INFORMATION
----------

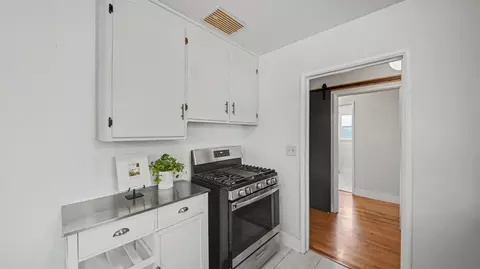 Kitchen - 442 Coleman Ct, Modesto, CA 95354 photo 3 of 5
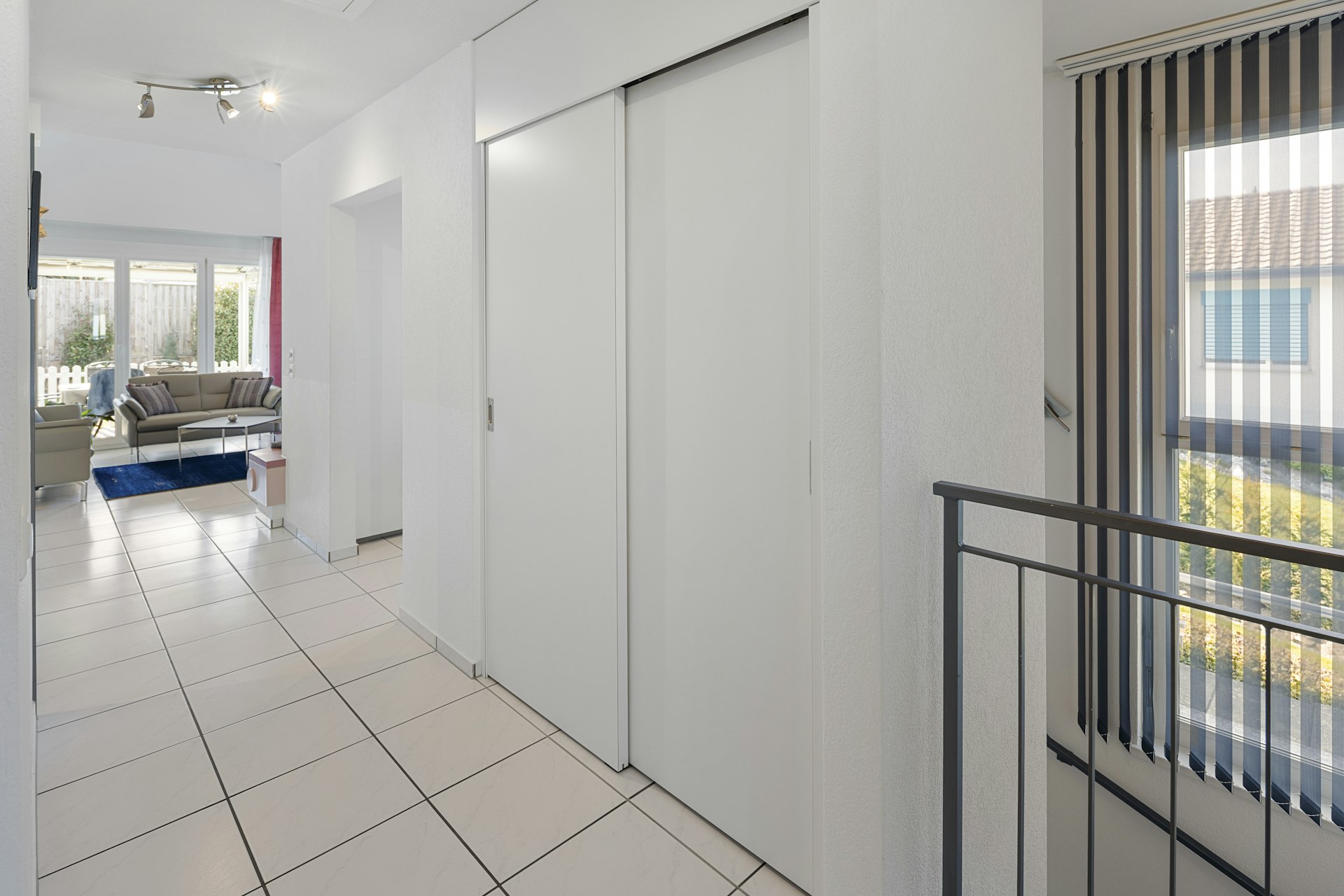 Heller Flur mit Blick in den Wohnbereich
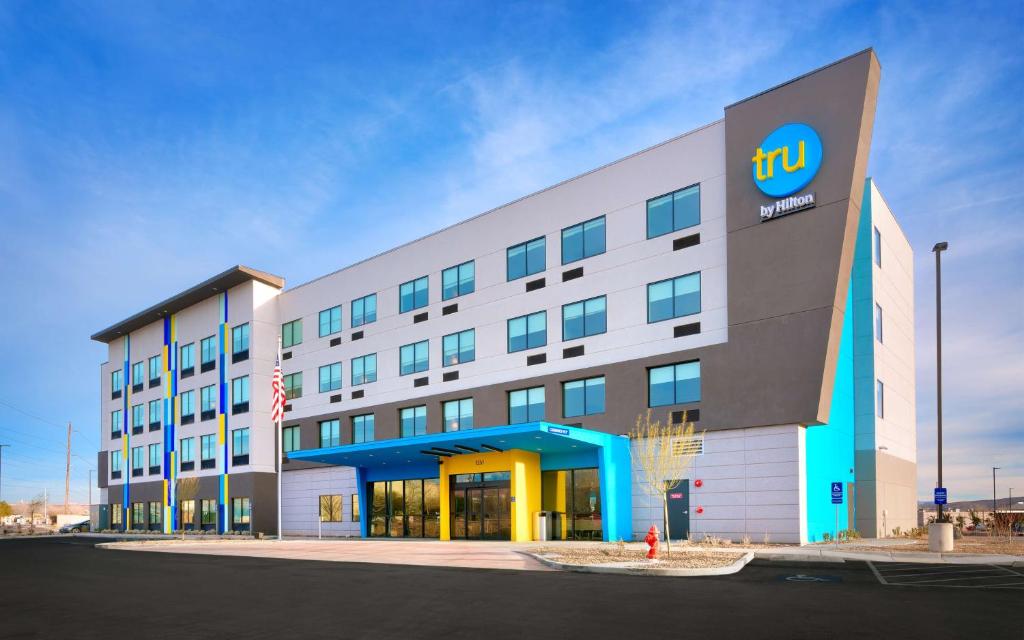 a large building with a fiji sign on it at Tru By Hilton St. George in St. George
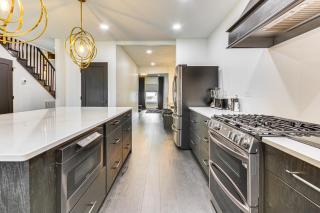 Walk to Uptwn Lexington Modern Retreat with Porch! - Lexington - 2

----------

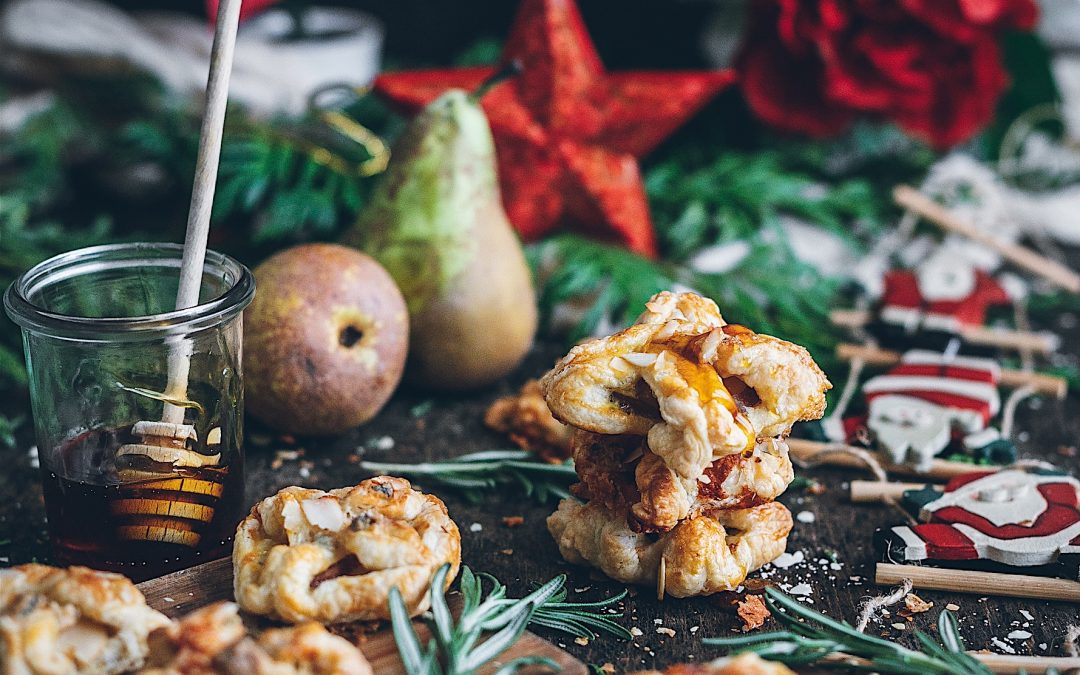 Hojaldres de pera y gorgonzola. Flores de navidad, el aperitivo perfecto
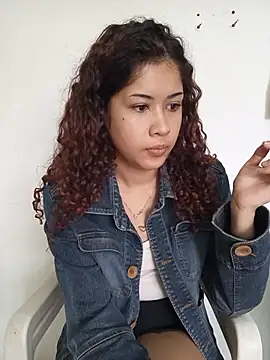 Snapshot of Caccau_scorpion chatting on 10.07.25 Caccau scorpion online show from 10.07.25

----------

ASSIGNMENT
Would you copy out, exactly and with no pictures, only the lines above from the one that contains "Hojaldres de pera" through the one that contains "Snapshot of Caccau_scorpion"?

TASK SOLUTION
 Hojaldres de pera y gorgonzola. Flores de navidad, el aperitivo perfecto
 Snapshot of Caccau_scorpion chatting on 10.07.25 Caccau scorpion online show from 10.07.25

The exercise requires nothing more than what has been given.